Des scientifiques chinois découvrent une forte teneur en eau dans des échantillons de sol lunaire ramenés par la mission Chang'e-5

L’échantillon lunaire n° 001 rapporté par la sonde chinoise Chang’e-5 est exposé au Musée national de Chine à Pékin, capitale de la Chine, le 27 février 2021. Photo : Xinhua

Les scientifiques chinois et leurs partenaires internationaux en ont appris davantage sur la lune après des études et des recherches sur des échantillons de sol lunaire de la mission Chang’e-5 (CE-5). Dans les deux dernières découvertes, les chercheurs ont trouvé des indices d’une nouvelle source d’eau sur la lune pour les futurs explorateurs et ont révélé les activités du jeune basalte sur la lune.

La mission Chang’e-5 a ramené 1 731 grammes de minéraux lunaires sur Terre. Le site d’atterrissage dans le bassin lunaire du nord-est de l’Oceanus Procellarum était considéré comme l’une des plus jeunes unités de basalte de la surface lunaire avec de riches éléments générateurs de chaleur tels que l’uranium, le thorium et le potassium.

Dans un rapport publié en Nature Lundi, des chercheurs chinois et leurs partenaires au Royaume-Uni rapportent l’abondance, la composition isotopique de l’hydrogène et les variations de l’eau mesurées dans 32 billes de verre d’impact extraites du sol lunaire renvoyées par la mission Chang’e-5.

Les perles de verre d’impact sont des composants majeurs du sol lunaire. Mais l’inventaire de l’eau des perles de verre d’impact n’a pas encore été étudié en détail, bien que ces perles vitreuses soient des candidats potentiels pour jouer un rôle important dans un cycle de l’eau de surface lunaire. Pour étudier cette possibilité, les scientifiques ont effectué une caractérisation systématique de la pétrographie, de la composition en éléments majeurs, des caractéristiques Raman, de l’abondance de l’eau et de la composition isotopique de l’hydrogène sur les billes de verre d’impact renvoyées par la mission CE5, visant à identifier et caractériser le réservoir d’eau manquant sur le la surface de la lune.
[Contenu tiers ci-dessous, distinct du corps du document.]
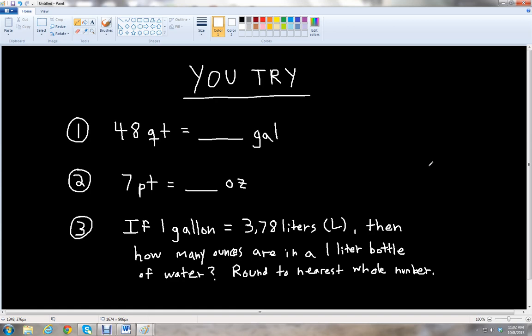Numbers are not always whole — you may have fractions and decimals, so it's always good to learn how to convert and round to estimate. Pause the video, work on these three problems, and feel free to rewind to look at the unit conversions we boxed in. We'll go over the answers.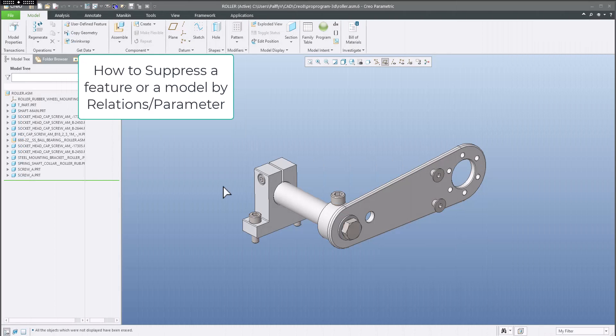Hi folks. In today's video tutorial, I'm going to show you how to suppress a feature in a 3D model, or how to suppress parts in assembly mode using relations in Creo. Step by step, I'd like to explain details regarding Pro Program, relations, parameters, and so on. Let's start.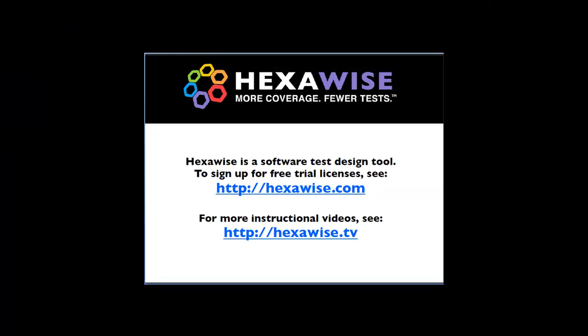HEXAWISE is a software test design tool. To sign up for free licenses, see http://hexawise.com. For more instructional videos, see hexawise.tv.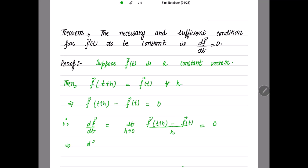So df/dt = 0, using the definition of the derivative of vector f, which is the limit as h→0 of [f(t+h) − f(t)] / h. Substituting the value from the given condition, the necessary condition is proved.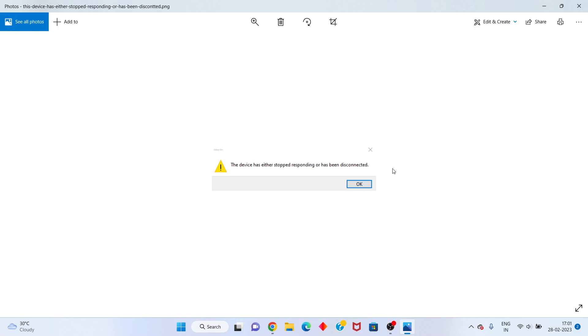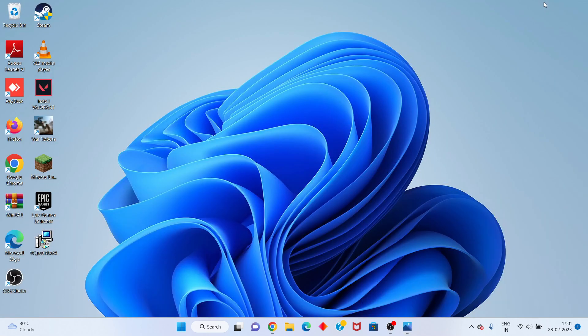Hello guys, welcome to my channel. How to fix: the device has either stopped responding or has been disconnected. This is the basic error fix. First step: check the USB connection.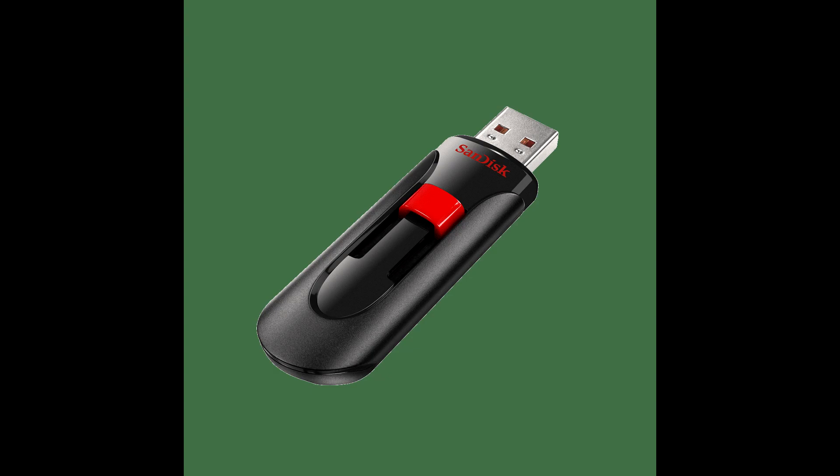You can use the bootable USB drive to boot any FIERY FS100 and later for backup and restore functions.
Les scientifiques estiment que la quantité d’eau contenue dans les billes de verre d’impact dans les sols lunaires peut atteindre jusqu’à 270 000 milliards de kilogrammes. « Nos mesures directes de ce réservoir de surface d’eau lunaire montrent que les perles de verre à impact peuvent stocker des quantités substantielles d’eau dérivée du vent solaire sur la lune et suggèrent que les perles de verre à impact peuvent être des réservoirs d’eau sur d’autres corps sans air », selon le rapport.
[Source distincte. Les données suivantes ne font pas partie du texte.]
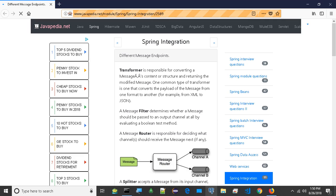A splitter accepts a message from its input channel, splits that message into multiple messages, and then sends each of those to its output channel. This is typically used for dividing a composite payload object into a group of messages containing the subdivided payloads.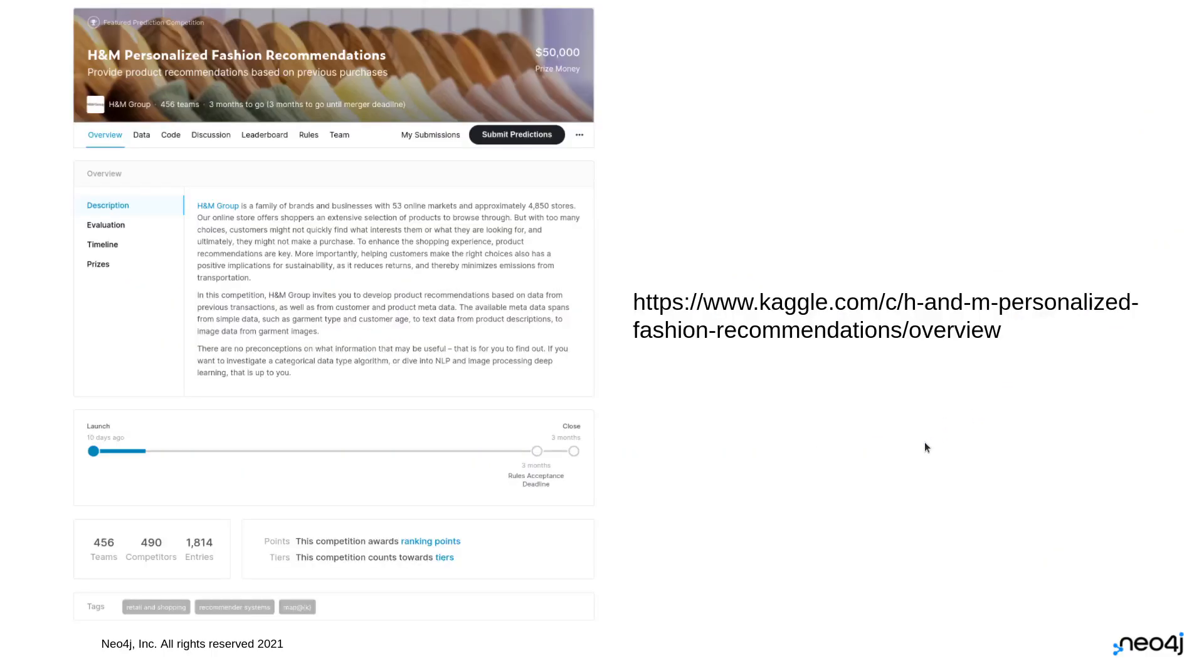I'm not going to spend too much time talking about this data set. We've talked about it a bunch before but it's a Kaggle challenge on fashion recommendations. $50,000 up for grabs so get started on your solutions.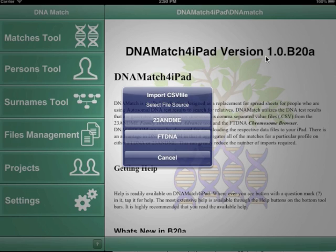When the import pop-ups show, select FTDNA as your file source.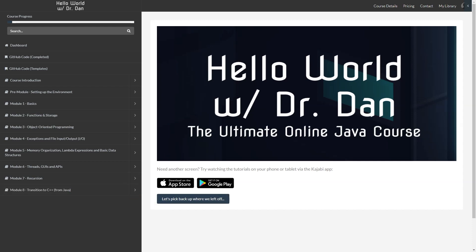So whether you want to use this course as a supplement to your intro programming course, or your APCS course, or maybe just to learn Java from scratch on your own, I guarantee you Hello World with Dr. Dan has you covered. Look forward to seeing you on the inside.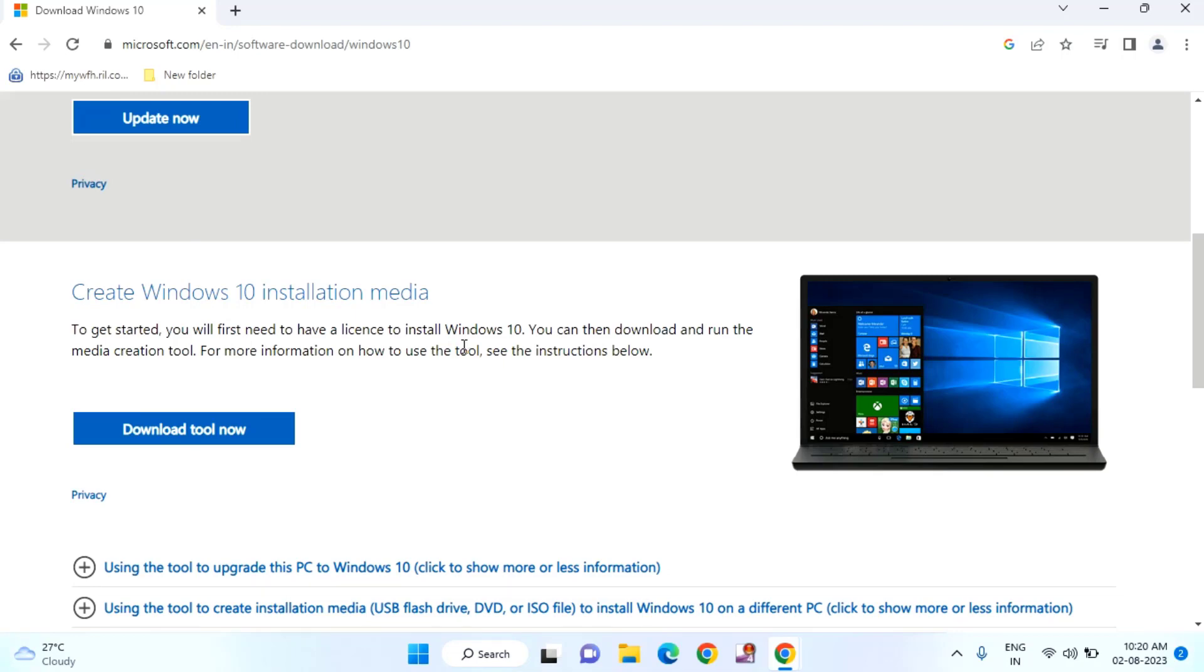In 64-bit operating system you need to select x64 bit and you need to click on download. There will be another bit system which is x86, means it is 32-bit operating system. You need to download x64.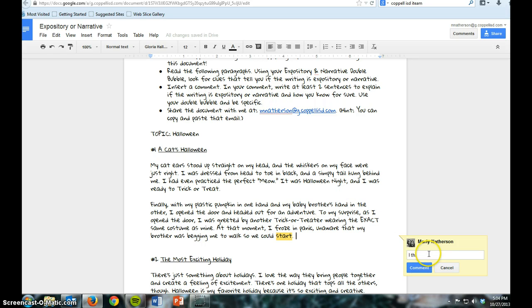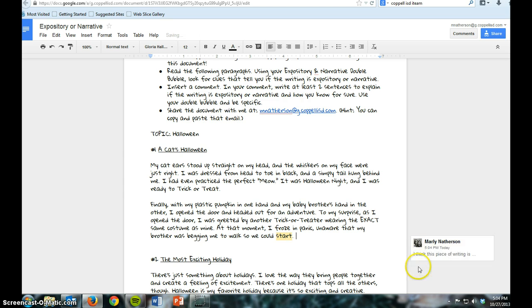So I could say, 'I think this piece of writing is...' — do you think I was going to tell you the answer? I'm not. But this is how you insert it. When I'm done, I just click comment, and there it is.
Hui Hejiu, professeur à l’Université de Nanjing, a déclaré aux médias que dans la future exploration de l’espace lointain par les êtres humains, les perles de verre à impact pourraient être utilisées comme source d’eau candidate pour fournir des approvisionnements lorsque l’efficacité de la collecte des perles de verre et de l’extraction de l’eau est élevée.

Dans un autre rapport publié par Lettres du journal astrophysique début mars, des scientifiques chinois ont déclaré avoir combiné des analyses isotopiques de Fe et de Mg avec une étude approfondie de la pétrologie et de la minéralogie sur deux clastes de basalte CE-5, a appris le Chine Direct de l’Observatoire de la montagne pourpre basé à Nanjing sous l’Académie chinoise des sciences.
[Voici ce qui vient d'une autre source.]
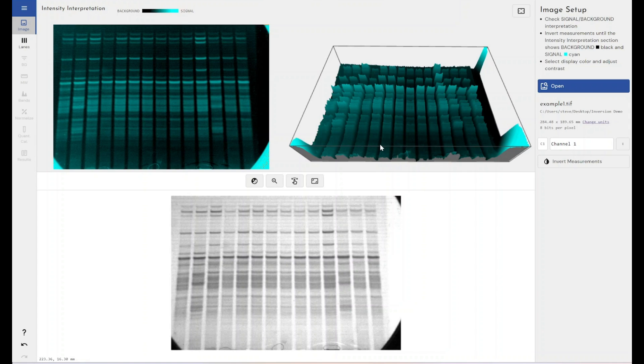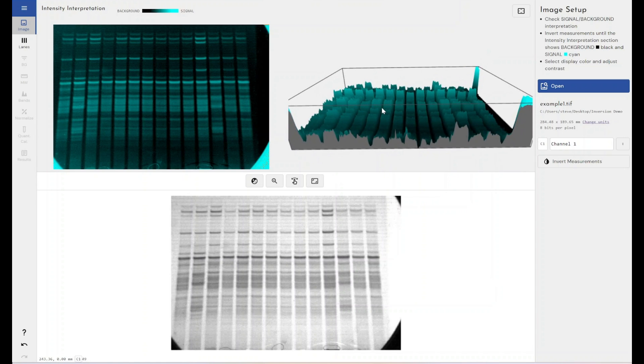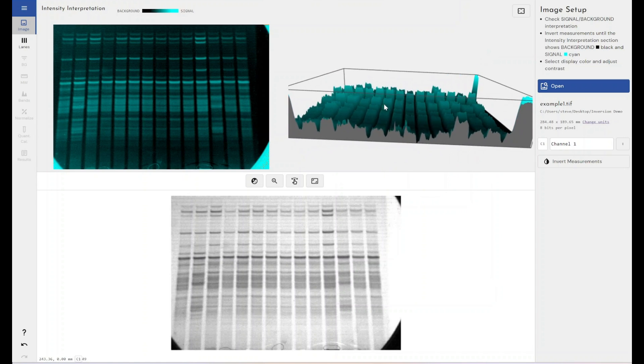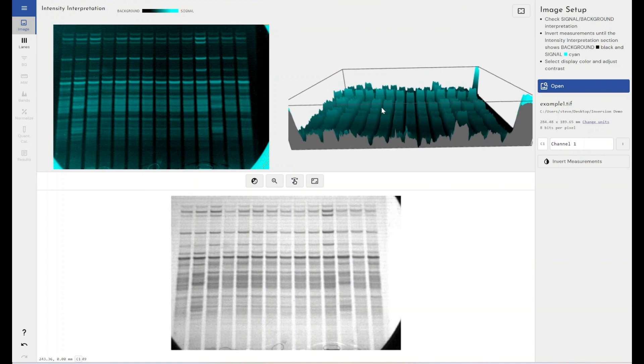Because if you had this example and you inverted everything, you would end up with your troughs again, and your data would not be very accurate. It would not feed in well to the algorithms that we have for automatic lane detection, automatic band detection, and things like that.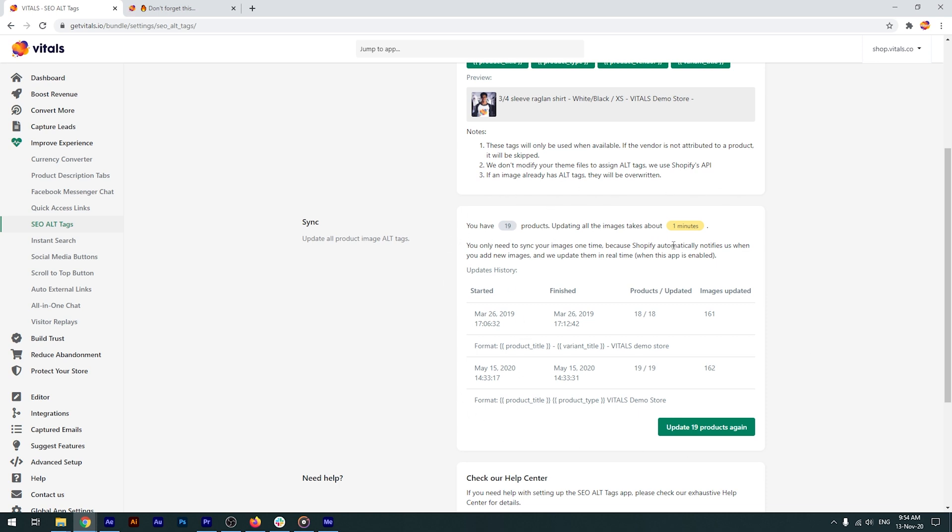In the future, you won't need to sync your image's alt tags again. Once the app has been enabled, Vitals will be notified about your new images and automatically add alt tags to them.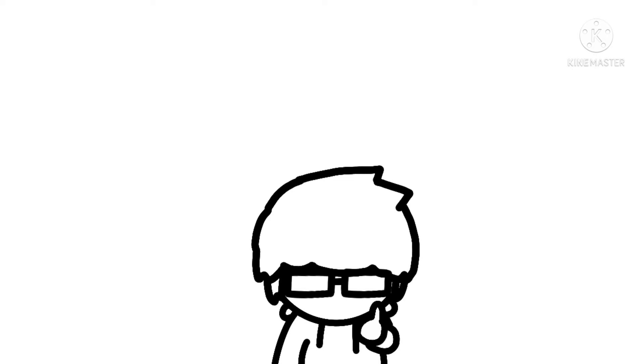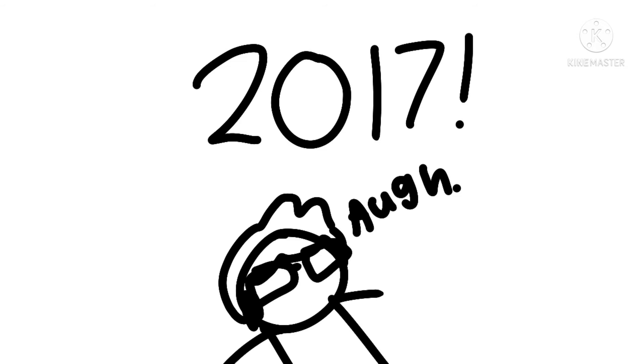Surprisingly enough, I actually did accomplish a lot of stuff this time. I've been here since 2017, so it makes sense. Anyways,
Les basaltes CE-5 sont les basaltes les plus évolués à ce jour sur la lune.

« Nos nouvelles données sur les isotopes Fe-Mg indiquent que les jeunes basaltes marins CE-5 possèdent une source de cumulats de manteau hybride qui incorpore à la fois des cumulats d’OVM de stade précoce et tardif, qui peuvent jouer un rôle important dans la génération du volcanisme lunaire tardif,  » lire l’article.